*Records for the task*
+++

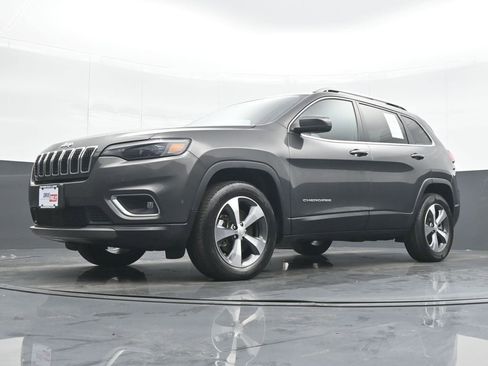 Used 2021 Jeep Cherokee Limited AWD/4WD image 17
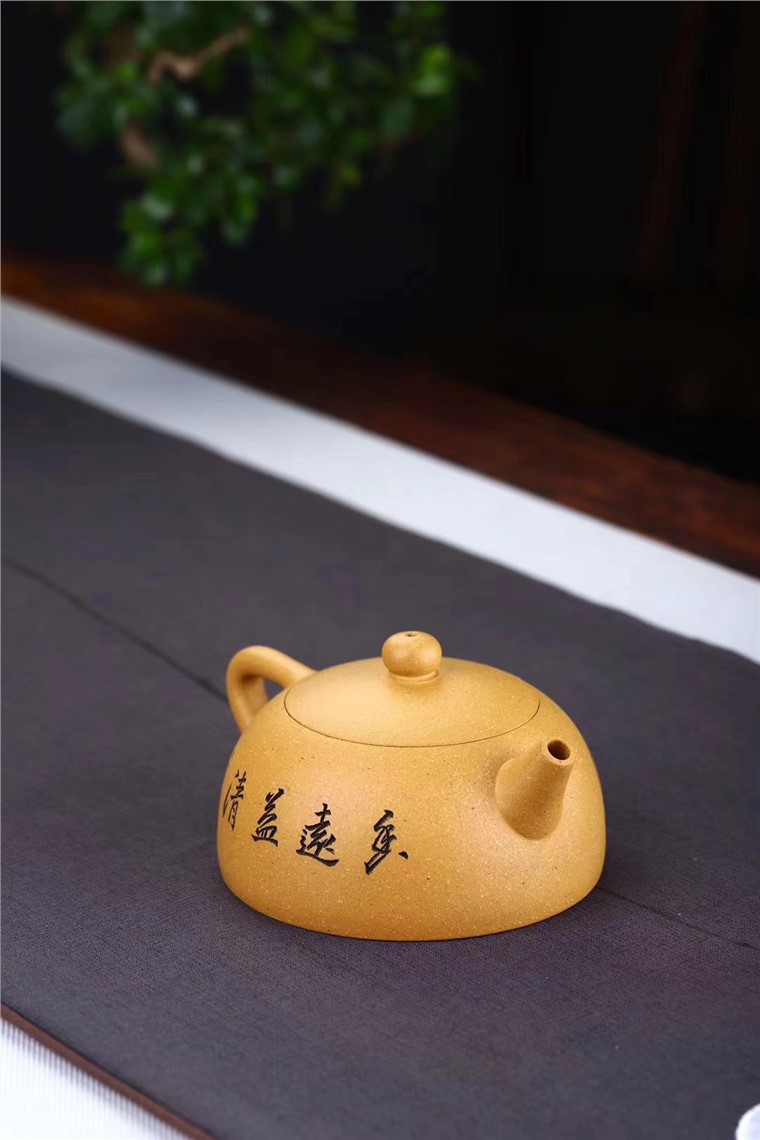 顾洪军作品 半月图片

+++

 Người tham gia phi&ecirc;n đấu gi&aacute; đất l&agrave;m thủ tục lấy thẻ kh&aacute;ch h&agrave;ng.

+++

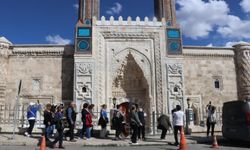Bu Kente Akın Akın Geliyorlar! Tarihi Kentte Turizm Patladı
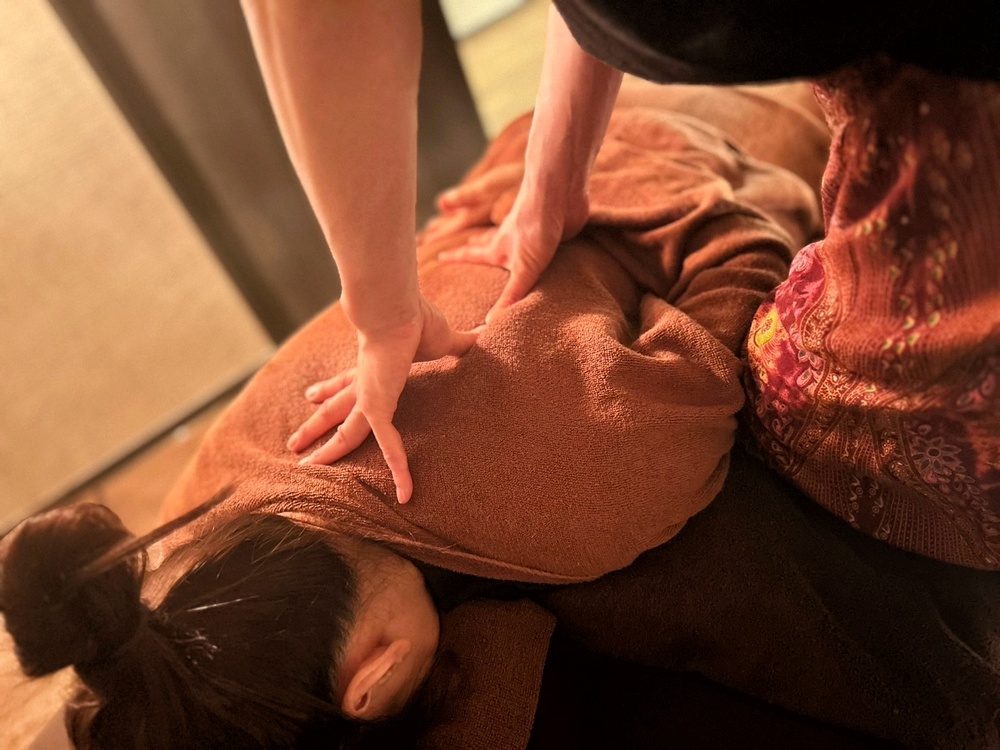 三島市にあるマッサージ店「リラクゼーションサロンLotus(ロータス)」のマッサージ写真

+++

*Task*
Work from the entries above. Set down exactly and only the lines from the line with "Bu Kente Akın" to the line with "三島市にあるマッサージ店「リ", both included, and leave the pictures out.

*Problem solution*
Bu Kente Akın Akın Geliyorlar! Tarihi Kentte Turizm Patladı
 三島市にあるマッサージ店「リラクゼーションサロンLotus(ロータス)」のマッサージ写真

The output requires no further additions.